Assignment:
Only those lines from the one with "Ceramic bonsai pot, 36 x 28 x 8.5 cm, brown" through the last line of the material belong in the answer, each repeated exactly.

--- Given records Enclosed Below ---

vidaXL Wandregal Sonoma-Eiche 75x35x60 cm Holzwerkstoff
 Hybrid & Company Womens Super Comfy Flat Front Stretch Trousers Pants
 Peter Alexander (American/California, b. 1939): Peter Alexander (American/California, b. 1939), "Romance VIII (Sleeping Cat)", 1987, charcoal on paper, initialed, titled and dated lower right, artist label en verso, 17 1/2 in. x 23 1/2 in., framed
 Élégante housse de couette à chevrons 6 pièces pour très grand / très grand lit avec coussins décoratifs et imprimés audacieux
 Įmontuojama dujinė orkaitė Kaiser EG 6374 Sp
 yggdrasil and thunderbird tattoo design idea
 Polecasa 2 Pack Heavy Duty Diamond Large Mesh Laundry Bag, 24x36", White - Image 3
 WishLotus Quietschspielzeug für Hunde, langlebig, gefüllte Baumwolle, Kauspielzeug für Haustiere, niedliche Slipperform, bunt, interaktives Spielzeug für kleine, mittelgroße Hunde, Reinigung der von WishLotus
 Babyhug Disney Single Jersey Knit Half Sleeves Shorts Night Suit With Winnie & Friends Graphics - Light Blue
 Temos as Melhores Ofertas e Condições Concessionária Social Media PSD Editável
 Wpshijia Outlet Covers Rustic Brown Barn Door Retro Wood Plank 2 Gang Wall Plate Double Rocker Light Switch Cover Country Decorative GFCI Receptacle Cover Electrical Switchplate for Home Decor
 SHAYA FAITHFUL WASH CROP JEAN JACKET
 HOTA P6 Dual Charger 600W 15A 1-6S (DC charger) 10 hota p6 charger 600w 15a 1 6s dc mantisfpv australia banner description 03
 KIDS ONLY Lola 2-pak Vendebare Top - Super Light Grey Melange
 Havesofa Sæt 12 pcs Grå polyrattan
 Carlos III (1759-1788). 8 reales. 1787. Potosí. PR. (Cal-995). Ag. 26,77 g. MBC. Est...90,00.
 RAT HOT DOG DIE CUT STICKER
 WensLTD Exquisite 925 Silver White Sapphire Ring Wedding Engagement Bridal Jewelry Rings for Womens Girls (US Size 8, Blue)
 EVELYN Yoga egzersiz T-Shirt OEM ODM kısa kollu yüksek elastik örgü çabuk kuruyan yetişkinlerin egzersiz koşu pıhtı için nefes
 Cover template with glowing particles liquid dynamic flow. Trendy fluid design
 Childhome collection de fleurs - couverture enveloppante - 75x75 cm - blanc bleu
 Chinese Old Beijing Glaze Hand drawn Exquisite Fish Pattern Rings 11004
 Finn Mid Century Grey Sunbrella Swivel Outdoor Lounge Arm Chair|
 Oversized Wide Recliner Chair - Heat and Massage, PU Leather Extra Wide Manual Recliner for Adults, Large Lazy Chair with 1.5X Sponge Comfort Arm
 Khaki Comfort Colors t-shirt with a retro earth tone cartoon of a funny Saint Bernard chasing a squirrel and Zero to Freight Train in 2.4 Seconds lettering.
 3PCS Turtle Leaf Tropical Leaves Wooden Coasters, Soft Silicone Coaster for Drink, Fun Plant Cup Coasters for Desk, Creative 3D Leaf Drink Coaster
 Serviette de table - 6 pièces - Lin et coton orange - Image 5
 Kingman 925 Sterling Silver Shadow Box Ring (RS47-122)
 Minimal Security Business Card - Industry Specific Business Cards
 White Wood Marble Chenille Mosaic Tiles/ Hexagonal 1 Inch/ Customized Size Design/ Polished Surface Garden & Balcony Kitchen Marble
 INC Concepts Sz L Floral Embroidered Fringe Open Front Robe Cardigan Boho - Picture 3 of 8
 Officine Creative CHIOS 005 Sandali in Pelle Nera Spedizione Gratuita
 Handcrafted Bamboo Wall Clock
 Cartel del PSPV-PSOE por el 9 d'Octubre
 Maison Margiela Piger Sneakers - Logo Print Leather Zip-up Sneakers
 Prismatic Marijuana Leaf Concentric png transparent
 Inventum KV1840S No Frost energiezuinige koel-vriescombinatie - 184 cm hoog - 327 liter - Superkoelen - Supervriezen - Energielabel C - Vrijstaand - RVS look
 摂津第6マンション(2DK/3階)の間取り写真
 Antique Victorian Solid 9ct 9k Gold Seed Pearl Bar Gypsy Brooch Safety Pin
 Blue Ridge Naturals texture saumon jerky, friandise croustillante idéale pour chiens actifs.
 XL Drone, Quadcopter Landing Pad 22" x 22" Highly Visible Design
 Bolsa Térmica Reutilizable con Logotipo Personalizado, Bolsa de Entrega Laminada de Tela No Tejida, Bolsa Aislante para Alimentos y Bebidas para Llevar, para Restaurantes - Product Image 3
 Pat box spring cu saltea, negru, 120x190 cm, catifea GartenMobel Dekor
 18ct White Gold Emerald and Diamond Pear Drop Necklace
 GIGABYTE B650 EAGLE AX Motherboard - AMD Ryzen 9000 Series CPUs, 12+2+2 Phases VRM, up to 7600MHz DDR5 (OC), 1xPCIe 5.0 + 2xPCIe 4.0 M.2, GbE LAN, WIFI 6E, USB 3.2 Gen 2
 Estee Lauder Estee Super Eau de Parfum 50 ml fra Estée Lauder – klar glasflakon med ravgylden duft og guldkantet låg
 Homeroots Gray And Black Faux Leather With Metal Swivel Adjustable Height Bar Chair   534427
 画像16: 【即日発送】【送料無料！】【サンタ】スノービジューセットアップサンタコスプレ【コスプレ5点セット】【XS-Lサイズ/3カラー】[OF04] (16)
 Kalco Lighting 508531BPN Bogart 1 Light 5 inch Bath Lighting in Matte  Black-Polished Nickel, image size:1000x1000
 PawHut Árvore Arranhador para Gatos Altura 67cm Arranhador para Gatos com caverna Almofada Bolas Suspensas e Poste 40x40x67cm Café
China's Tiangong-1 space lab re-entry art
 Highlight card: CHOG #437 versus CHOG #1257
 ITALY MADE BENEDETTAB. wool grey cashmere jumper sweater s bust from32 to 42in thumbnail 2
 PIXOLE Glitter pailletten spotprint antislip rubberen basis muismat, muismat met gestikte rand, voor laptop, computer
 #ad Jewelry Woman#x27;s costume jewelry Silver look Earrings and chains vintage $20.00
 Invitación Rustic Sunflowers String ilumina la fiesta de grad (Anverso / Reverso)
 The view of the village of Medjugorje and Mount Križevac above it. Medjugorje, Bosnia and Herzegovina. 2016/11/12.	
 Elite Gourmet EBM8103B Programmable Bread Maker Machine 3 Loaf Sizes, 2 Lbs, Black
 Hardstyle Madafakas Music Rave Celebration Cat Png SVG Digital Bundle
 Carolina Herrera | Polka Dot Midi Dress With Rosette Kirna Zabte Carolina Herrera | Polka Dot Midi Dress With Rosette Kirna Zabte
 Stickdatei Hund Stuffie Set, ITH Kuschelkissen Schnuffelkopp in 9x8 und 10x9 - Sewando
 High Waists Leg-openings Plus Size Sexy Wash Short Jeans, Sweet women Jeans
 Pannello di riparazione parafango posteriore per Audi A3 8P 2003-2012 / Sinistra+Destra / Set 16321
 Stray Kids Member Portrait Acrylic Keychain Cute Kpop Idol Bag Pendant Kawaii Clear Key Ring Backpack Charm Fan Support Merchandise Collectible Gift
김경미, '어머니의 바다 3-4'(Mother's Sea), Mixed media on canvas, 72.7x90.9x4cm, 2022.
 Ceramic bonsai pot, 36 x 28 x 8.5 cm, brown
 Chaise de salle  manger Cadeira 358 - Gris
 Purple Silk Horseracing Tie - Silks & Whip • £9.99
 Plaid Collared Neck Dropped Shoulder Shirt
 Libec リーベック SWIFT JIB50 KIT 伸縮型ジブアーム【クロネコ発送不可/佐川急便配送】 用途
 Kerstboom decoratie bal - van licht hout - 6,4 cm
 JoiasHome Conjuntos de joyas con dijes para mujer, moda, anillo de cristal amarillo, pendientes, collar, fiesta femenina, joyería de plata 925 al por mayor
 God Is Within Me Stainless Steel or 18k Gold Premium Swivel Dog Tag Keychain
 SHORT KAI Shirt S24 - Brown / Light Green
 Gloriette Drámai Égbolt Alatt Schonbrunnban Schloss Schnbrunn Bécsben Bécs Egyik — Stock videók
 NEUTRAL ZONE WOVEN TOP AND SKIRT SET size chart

--- End of Enclosed Given records ---

Result below:
 Ceramic bonsai pot, 36 x 28 x 8.5 cm, brown
 Chaise de salle  manger Cadeira 358 - Gris
 Purple Silk Horseracing Tie - Silks & Whip • £9.99
 Plaid Collared Neck Dropped Shoulder Shirt
 Libec リーベック SWIFT JIB50 KIT 伸縮型ジブアーム【クロネコ発送不可/佐川急便配送】 用途
 Kerstboom decoratie bal - van licht hout - 6,4 cm
 JoiasHome Conjuntos de joyas con dijes para mujer, moda, anillo de cristal amarillo, pendientes, collar, fiesta femenina, joyería de plata 925 al por mayor
 God Is Within Me Stainless Steel or 18k Gold Premium Swivel Dog Tag Keychain
 SHORT KAI Shirt S24 - Brown / Light Green
 Gloriette Drámai Égbolt Alatt Schonbrunnban Schloss Schnbrunn Bécsben Bécs Egyik — Stock videók
 NEUTRAL ZONE WOVEN TOP AND SKIRT SET size chart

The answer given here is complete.